Facebook’s privacy policies are back in the news again, and they reflect a major improvement — to the company’s PR strategy. Otherwise, it’s just the same old deal in which Facebook users agree to hand over more personal information in exchange for the right to use the service for free.

[company]Facebook[/company] slipped in the latest changes on Thursday morning, while hyping a new series of cutesy illustrations and “you’re in charge” messages that purport to educate users on how the social network uses their data. Users still don’t really get a say in how that data is used, though, as the New York Times notes:

Also noticeably absent from the new privacy explanations is the simple fact that Facebook users have very little control over how their information is used in advertising. The company asserts the right to use anything you do on Facebook to help it target ads to you, both on and off the service.

Facebook even tracks what you do on other websites and will use that information for advertising, too, unless you explicitly opt out of the extra tracking — an option that requires a trip to a third-party website or soon, the tweak of a setting on your mobile phone.

For now, the biggest practical consequences of the latest privacy changes, as Re/code observes, is that Facebook gets to gobble new data about your payment habits and your location. If you don’t like the new arrangement, your option is the same as it has always been: don’t use Facebook.

If this is the case, then, why is Facebook going to such lengths to talk up its new privacy “features” — such as Charlie the “privacy dinosaur” — in the first place? On one hand, this is a smart public relations exercises that lets Facebook, rather than critics and consumer groups, be the first to define what the changes are all about. And on the other hand, the company is just complying with the law: in light of a 20-year order from the FTC, Facebook must tell people when it changes its policies or else face nasty fines.

Overall, the arrangements make sense. It’s a good thing that Facebook is openly discussing its privacy policies and reminding consumers that many of its new features will also require more data disclosures. Still, there’s also the reality that all of the messages about “privacy check-ups” and “you’re in charge” serve to obscure the basic bargain at work here: consumers must pay in data to use Facebook’s service.

A better solution, then, would be to give Facebook users the choice to pay with money instead of data. In practice, this could mean that Facebook users could pay a monthly subscription fee and, in return, the company would agree not to share information about their likes, location or history with advertisers. The fee might be set at $5 a month — which seems reasonable given that some estimates set the ad value of each Facebook user at $128 — and could be adjusted lower for users who agreed to give up more data.

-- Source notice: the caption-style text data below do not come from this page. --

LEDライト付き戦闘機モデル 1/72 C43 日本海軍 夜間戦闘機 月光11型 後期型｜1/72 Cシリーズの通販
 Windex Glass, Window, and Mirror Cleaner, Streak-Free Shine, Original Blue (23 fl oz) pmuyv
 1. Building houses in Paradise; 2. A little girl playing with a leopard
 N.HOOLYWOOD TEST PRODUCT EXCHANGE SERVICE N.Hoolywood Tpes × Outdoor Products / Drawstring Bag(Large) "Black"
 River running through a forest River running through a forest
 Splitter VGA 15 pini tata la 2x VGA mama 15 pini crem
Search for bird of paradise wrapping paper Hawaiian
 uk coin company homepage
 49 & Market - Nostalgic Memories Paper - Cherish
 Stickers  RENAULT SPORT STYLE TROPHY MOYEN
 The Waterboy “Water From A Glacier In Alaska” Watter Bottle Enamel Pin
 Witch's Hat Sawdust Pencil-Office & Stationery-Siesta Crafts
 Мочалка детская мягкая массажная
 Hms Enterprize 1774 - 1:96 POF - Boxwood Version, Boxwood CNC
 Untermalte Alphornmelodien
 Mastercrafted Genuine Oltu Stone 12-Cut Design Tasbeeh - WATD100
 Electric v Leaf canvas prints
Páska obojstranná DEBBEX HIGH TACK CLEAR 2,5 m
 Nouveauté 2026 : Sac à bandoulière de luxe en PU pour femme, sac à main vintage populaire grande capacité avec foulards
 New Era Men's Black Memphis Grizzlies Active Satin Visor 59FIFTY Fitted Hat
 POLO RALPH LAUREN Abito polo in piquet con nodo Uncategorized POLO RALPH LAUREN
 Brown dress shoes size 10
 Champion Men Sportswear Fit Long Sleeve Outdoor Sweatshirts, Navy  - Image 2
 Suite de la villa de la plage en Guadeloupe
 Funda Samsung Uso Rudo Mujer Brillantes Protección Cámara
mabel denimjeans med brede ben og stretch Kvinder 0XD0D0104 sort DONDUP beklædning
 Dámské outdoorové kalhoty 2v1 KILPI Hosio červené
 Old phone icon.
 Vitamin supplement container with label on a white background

In this scenario, everyone would win: Facebook would not have to worry about privacy concerns costing it revenue, while consumers would know that “you’re in charge” meant more than a slogan. Such a system, in which Facebook users could choose to pay for privacy, would be infinitely better than the current system of pandering and public relations exercises.

8 Responses to “Why it’s time for Facebook to offer a “pay for privacy” feature”

  1. First off, the comments of “don’t use it” are ignorant to the nature of modern jobs/business as many private businesses and non-profit institutions use facebook to network and/or make money. Secondly, paying for “private” data smacks of the old mafia shakedown of “pay us or else”. Lastly, I am usually opposed to government regulation, however, in this case I’m not sure anything less would suffice. Facebook must be made to tell you in a clear coherent manner (e.g. non-techie) who is using your data, how they got it, and to block it on a vendor by vendor basis. Anything short of this is just a painted pig hoping you don’t notice.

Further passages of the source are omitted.